Jedną z najbardziej znanych rodzin planetoid, należącą do głównego pasa rozciągającego się między orbitami Marsa i Jowisza, jest rodzina Koronis. Jak dotychczas udało nam się zidentyfikować ponad 200 ciał należących do tej grupy.

Dokładne badania rodzin planetoid dostarczają wielu ciekawych danych na temat zderzeń, do jakich dochodzi między ciałami Układu Słonecznego i w wyniku których one powstają.

Dotychczasowe modele teoretyczne symulujące zderzenie ciała macierzystego rodziny Koronis z inną planetoidą doprowadziły badaczy do wniosków, że ponad 200 ciał powstałych w wyniku katastrofy powinno wyróżniać się podobnymi własnościami chemicznymi i identycznym wiekiem. Nie powinno być natomiast prawie żadnych podobieństw pomiędzy okresami i nachyleniami osi rotacji, bowiem po zderzeniu każdy z powstałych obiektów powinien uzyskać dość przypadkowe ich wartości.

Najnowszy numer czasopisma „Nature” zdaje się jednak przeczyć tym modelom. Przynosi on artykuł Stephena Slivana z Massachusetts Institute of Technology w USA, analizujący krzywe zmian blasku planetoid z rodziny Koronis.

Blask każdej planetoidy na skutek jej rotacji i nieregularnego kształtu zmienia się z czasem. Najczęściej mamy do czynienia z podwójnymi sinusoidami, których okres mówi nam o okresie rotacji badanego ciała, a amplituda zmian blasku o zmiennym usytuowaniu planetoidy w stosunku do obserwatora.

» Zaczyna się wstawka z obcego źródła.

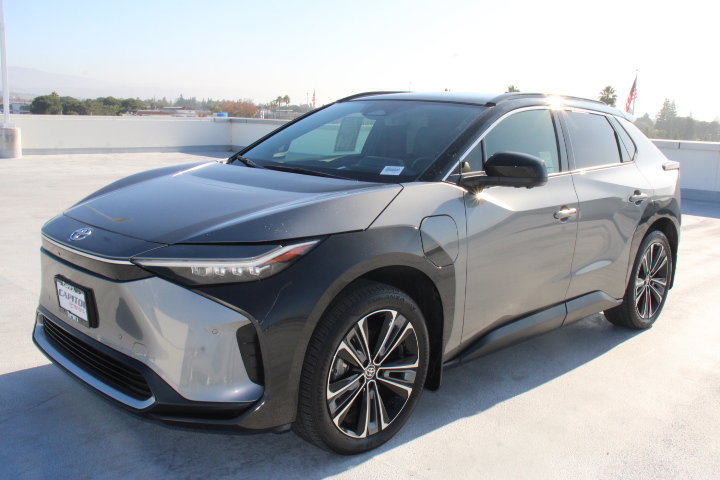 Used 2023 Toyota bZ4X Limited image 6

Dysponując odpowiednio dużą próbką krzywych zmian blasku zebranych na dostatecznie długim odcinku czasu, astronomowie są w stanie określić dość precyzyjnie okres rotacji planetoidy, jej przybliżony kształt i położenie biegunów.

Metoda stosowana przez Slivana sprawdziła się w przypadku planetoidy Ida. Jej własności, oszacowane na podstawie wieloletnich naziemnych obserwacji, doskonale zgadzały się z tym, co ujrzała bezpośrednio sonda Galileo.

Slivan w swojej analizie wykorzystał ponad 200 krzywych zmian blasku zebranych w ciągu 43 lat dla dziesięciu największych planetoid grupy Koronis. Dane te doprowadziły go do bardzo ciekawych wniosków.

Okazało się, że okresy rotacji i nachylenia osi obiektów z grupy Koronis nie są rozłożone przypadkowo, lecz grupują się bardzo wyraźnie w dwóch miejscach. Nachylenie osi rotacji do płaszczyzny orbity tych ciał przyjmuje w zasadzie tylko dwie wartości: około 160 i 45 stopni, natomiast okresy rotacji wynoszą 0,59 lub 0,34 dnia.

Według Slivana, najbardziej prawdopodobnym wyjaśnieniem niezgodności modeli z jego danymi obserwacyjnymi jest dużo bardziej złożony proces zderzenia, a następnie fragmentacji ciała macierzystego. Slivan sugeruje, że ogromna planetoida, będąca twórczynią rodziny Koronis, na skutek zderzenia rozpadła się na zaledwie kilka luźno związanych ciał, które następnie uległy dalszej fragmentacji. Dwie obserwowane przez niego podgrupy o podobnych własnościach byłyby więc potomkami większych pozostałości po ciele macierzystym grupy Koronis.

Autor pracy nie wyklucza jednak, że jakieś mechanizmy powodują, iż w pewnych warunkach zachowanie pobliskich planetoid staje się coraz bardziej podobne.